Task item:
Which lines of the data contain the string "фото"? Show each of them.

[Collected data entries]
┄┄┄┄┄┄

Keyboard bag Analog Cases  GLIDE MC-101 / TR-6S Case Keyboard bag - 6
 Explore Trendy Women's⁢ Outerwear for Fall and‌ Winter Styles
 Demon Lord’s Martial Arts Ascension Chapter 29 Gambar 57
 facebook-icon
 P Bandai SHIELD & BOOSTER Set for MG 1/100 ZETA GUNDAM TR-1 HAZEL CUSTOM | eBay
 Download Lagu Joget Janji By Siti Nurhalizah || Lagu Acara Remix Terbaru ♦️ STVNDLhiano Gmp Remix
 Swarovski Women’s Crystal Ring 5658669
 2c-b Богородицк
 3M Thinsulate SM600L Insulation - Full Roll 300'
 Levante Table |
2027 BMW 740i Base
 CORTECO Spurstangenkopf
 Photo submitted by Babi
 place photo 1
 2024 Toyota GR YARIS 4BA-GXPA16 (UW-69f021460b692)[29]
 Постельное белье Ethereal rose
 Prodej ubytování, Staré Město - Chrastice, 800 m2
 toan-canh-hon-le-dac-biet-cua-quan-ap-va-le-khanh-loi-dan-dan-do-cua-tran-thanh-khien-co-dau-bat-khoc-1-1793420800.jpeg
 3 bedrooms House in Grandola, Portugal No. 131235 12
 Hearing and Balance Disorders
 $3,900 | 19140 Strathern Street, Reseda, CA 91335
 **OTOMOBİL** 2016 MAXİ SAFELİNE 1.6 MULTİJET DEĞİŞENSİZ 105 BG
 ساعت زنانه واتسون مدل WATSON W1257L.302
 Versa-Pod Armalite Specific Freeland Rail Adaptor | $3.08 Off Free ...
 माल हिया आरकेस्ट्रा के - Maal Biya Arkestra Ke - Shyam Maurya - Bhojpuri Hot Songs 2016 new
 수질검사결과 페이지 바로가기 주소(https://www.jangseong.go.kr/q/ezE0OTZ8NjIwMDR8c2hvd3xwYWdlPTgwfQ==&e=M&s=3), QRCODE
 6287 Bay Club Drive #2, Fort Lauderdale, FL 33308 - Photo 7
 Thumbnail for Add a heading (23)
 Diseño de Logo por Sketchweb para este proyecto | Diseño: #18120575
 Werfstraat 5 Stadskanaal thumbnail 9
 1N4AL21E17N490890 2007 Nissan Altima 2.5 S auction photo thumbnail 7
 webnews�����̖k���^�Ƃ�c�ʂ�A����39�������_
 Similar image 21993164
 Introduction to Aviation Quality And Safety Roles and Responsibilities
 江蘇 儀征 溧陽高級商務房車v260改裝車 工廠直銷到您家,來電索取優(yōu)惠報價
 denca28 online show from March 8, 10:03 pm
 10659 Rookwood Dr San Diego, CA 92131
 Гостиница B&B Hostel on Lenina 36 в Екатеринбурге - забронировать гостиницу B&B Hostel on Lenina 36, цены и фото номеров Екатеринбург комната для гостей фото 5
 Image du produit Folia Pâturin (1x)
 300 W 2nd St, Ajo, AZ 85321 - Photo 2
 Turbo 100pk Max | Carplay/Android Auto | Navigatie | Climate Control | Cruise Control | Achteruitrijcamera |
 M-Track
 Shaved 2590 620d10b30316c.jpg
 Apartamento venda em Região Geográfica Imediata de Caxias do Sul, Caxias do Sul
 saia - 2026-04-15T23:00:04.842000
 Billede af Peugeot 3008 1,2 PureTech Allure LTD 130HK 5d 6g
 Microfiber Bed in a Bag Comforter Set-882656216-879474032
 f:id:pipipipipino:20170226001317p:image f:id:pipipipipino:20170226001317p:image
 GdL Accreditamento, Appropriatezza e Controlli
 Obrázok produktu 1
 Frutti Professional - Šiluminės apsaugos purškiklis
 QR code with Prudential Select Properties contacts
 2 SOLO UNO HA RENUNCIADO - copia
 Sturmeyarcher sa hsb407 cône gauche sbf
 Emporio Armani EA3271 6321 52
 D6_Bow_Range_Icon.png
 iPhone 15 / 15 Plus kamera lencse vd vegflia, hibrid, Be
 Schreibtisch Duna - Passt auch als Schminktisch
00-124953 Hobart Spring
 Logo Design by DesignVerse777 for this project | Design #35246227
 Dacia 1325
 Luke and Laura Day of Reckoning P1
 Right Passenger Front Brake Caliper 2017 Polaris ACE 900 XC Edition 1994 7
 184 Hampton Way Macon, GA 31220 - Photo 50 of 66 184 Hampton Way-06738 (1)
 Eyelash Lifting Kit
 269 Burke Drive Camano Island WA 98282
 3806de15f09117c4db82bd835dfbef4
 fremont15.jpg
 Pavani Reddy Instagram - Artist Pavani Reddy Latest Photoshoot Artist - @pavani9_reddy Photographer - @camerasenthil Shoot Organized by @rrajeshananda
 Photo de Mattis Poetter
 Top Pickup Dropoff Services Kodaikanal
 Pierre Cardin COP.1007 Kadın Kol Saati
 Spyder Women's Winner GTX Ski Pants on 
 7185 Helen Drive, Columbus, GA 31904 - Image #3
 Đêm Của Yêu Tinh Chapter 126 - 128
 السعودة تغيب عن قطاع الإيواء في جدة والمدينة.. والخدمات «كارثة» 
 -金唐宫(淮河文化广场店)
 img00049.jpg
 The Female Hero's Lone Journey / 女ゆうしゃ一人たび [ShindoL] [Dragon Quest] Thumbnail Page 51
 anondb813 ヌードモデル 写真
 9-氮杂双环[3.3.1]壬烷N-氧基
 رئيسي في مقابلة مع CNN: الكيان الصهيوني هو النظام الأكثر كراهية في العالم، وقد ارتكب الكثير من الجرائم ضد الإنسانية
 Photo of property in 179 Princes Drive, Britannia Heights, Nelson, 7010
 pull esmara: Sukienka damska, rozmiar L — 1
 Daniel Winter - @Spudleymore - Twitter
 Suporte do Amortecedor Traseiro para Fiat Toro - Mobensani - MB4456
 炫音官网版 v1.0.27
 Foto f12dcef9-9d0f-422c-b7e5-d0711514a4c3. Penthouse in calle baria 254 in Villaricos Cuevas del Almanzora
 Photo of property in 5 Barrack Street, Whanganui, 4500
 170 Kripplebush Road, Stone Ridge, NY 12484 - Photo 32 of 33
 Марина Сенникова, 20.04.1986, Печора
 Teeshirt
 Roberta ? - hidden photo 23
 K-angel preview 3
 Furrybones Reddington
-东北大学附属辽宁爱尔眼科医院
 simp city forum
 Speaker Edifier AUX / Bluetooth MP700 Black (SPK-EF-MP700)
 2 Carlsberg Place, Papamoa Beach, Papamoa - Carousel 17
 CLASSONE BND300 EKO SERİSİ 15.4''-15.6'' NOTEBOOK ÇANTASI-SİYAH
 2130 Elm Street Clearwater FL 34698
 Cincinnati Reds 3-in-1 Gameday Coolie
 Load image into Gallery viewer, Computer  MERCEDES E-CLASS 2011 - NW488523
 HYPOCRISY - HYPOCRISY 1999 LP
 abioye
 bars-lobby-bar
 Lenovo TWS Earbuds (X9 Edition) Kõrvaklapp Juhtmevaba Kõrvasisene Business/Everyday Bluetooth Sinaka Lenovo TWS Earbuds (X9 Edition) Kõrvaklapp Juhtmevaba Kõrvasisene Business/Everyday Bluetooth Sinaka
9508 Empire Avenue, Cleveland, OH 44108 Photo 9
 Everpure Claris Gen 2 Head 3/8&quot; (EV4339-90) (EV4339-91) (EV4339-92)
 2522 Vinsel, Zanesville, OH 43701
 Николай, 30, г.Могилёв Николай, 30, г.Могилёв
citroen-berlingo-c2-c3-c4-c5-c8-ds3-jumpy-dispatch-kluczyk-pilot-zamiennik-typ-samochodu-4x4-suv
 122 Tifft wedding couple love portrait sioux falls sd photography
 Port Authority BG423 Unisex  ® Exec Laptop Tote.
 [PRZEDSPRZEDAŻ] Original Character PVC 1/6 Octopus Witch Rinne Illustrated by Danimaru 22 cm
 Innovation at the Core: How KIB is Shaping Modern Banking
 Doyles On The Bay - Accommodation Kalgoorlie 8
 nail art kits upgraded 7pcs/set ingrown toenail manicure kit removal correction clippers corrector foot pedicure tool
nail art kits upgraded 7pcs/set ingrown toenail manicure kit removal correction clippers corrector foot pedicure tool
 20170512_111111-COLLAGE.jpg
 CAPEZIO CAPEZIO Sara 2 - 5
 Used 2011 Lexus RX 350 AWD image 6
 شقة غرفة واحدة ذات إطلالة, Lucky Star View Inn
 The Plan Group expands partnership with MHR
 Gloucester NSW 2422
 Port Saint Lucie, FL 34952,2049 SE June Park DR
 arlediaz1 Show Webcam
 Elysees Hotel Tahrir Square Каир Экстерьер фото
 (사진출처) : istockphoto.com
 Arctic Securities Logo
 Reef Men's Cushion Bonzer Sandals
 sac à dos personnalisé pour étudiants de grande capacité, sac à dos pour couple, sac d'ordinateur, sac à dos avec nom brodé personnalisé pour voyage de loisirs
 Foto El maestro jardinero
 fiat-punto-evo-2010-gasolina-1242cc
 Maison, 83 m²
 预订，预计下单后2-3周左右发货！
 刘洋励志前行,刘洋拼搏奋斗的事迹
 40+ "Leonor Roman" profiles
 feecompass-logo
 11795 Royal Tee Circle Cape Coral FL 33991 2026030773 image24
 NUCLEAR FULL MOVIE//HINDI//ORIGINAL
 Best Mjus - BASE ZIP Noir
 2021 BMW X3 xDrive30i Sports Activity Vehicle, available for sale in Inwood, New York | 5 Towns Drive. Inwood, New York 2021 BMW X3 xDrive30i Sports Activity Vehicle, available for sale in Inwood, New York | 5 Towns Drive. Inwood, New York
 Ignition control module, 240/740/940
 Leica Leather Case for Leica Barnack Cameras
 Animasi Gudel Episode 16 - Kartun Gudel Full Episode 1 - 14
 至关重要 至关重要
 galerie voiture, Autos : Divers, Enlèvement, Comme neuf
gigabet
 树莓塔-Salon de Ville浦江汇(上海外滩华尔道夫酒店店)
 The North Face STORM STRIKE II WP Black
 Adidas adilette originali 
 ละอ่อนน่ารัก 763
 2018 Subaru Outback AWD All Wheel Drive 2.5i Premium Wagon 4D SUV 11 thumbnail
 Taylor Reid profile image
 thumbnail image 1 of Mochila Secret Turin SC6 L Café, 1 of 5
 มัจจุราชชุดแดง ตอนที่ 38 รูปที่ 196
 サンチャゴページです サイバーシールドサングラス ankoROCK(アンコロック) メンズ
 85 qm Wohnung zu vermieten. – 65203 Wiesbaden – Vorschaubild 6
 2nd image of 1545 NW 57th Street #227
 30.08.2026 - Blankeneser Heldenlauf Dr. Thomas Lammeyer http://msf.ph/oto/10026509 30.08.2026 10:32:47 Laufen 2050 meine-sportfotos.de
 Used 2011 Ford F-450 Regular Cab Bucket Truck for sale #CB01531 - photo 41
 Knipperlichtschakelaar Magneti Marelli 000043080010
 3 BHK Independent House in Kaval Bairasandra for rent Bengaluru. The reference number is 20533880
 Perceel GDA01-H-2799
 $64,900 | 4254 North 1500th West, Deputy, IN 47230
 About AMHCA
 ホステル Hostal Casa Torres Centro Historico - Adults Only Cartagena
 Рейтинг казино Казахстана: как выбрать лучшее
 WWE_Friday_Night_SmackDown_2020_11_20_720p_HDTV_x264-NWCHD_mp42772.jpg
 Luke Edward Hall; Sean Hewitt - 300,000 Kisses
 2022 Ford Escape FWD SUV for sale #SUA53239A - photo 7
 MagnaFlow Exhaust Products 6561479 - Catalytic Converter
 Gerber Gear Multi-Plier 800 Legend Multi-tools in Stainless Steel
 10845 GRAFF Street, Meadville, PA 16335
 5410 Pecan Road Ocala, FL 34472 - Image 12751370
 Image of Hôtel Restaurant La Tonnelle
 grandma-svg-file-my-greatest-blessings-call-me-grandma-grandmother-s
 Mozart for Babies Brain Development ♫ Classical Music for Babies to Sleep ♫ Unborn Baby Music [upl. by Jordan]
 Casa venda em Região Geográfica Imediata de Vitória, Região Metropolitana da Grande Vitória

┄┄┄┄┄┄

Result of this task:
 Гостиница B&B Hostel on Lenina 36 в Екатеринбурге - забронировать гостиницу B&B Hostel on Lenina 36, цены и фото номеров Екатеринбург комната для гостей фото 5
 Elysees Hotel Tahrir Square Каир Экстерьер фото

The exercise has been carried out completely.